Just changed mine to 70% bonds, kept 30% small/mid cap. The funds my deferred comp offers doesn't leave many options and bonds appeared to be the only other way to go. At this point I'd rather miss out on a few K if it stays up than the losses if it goes the other way.
https://www.cnbc.com/2025/10/14/theres-a-shocking-disparity-between-how-high-income-and-low-income-earners-feel-about-the-economy.html
>There’s a shocking disparity between how high-income and low-income earners feel about the economy.
>Higher-income consumers were more likely to report stronger economic confidence readings when asked to consider the next year given changes since the presidential election, according to JPMorgan’s Cost of Living Survey.

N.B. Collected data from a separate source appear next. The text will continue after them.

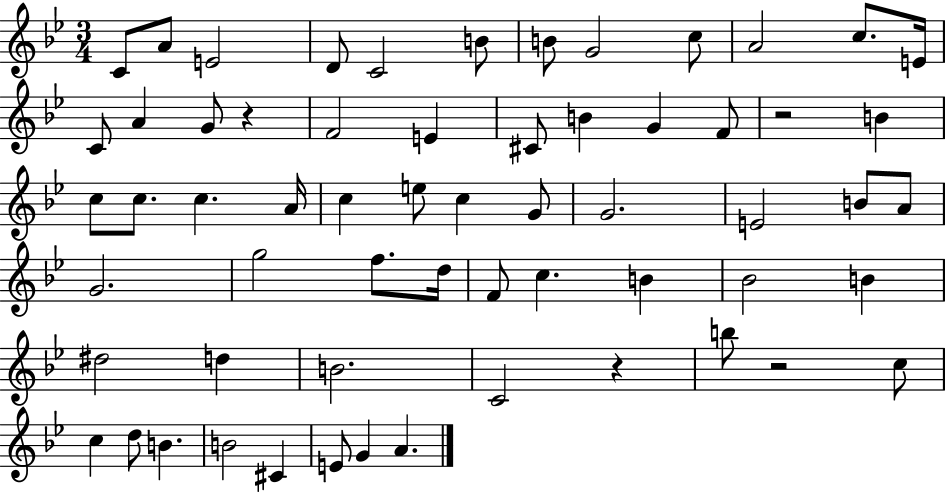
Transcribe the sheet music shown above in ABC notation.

X:1
T:Untitled
M:3/4
L:1/4
K:Bb
C/2 A/2 E2 D/2 C2 B/2 B/2 G2 c/2 A2 c/2 E/4 C/2 A G/2 z F2 E ^C/2 B G F/2 z2 B c/2 c/2 c A/4 c e/2 c G/2 G2 E2 B/2 A/2 G2 g2 f/2 d/4 F/2 c B _B2 B ^d2 d B2 C2 z b/2 z2 c/2 c d/2 B B2 ^C E/2 G A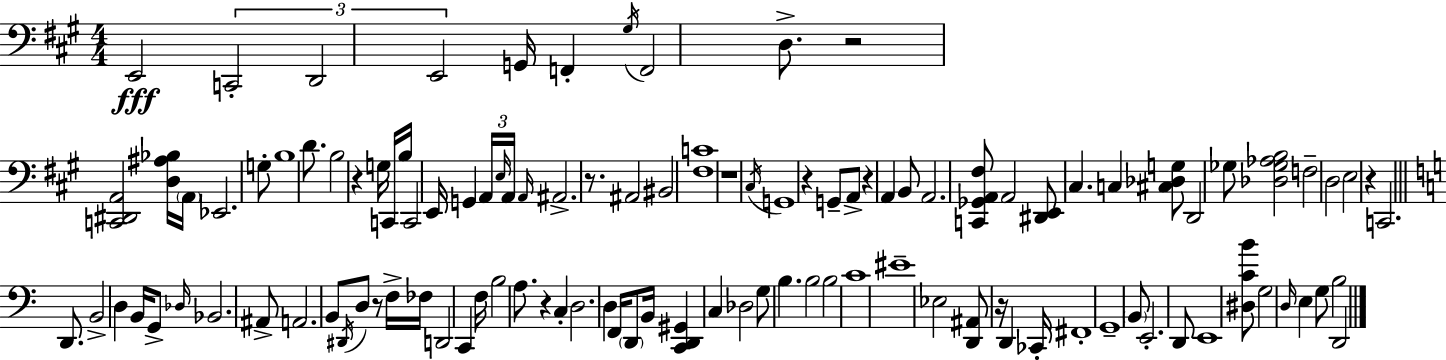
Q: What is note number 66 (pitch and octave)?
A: D3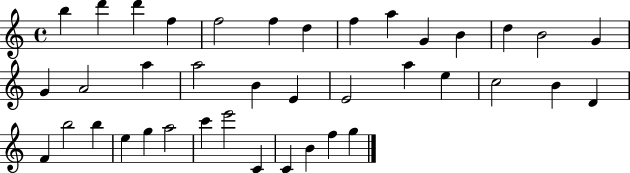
B5/q D6/q D6/q F5/q F5/h F5/q D5/q F5/q A5/q G4/q B4/q D5/q B4/h G4/q G4/q A4/h A5/q A5/h B4/q E4/q E4/h A5/q E5/q C5/h B4/q D4/q F4/q B5/h B5/q E5/q G5/q A5/h C6/q E6/h C4/q C4/q B4/q F5/q G5/q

>This release adds to a growing body of qualitative and quantitative evidence showing the U.S. economy is in a “K-shape,” a term used by economists to describe the deviation in economic experiences by income. In other words, it can explain why well-off Americans are continuing to spend while lower earners buckle under inflationary pressures.
Nooooo wayyy. Rich and tech bros consuming more and more off the AI bubble and scam:
https://i.postimg.cc/YSBX9RRh/top-10-income-consumption-Copy.png
They feel good about the economy vs. poor and middle class who are still dealing with rising prices??? Woooow.
Big if true. To make sure they feel even better though let's not wait two weeks after S&P is down -.1% today. Cut rates today.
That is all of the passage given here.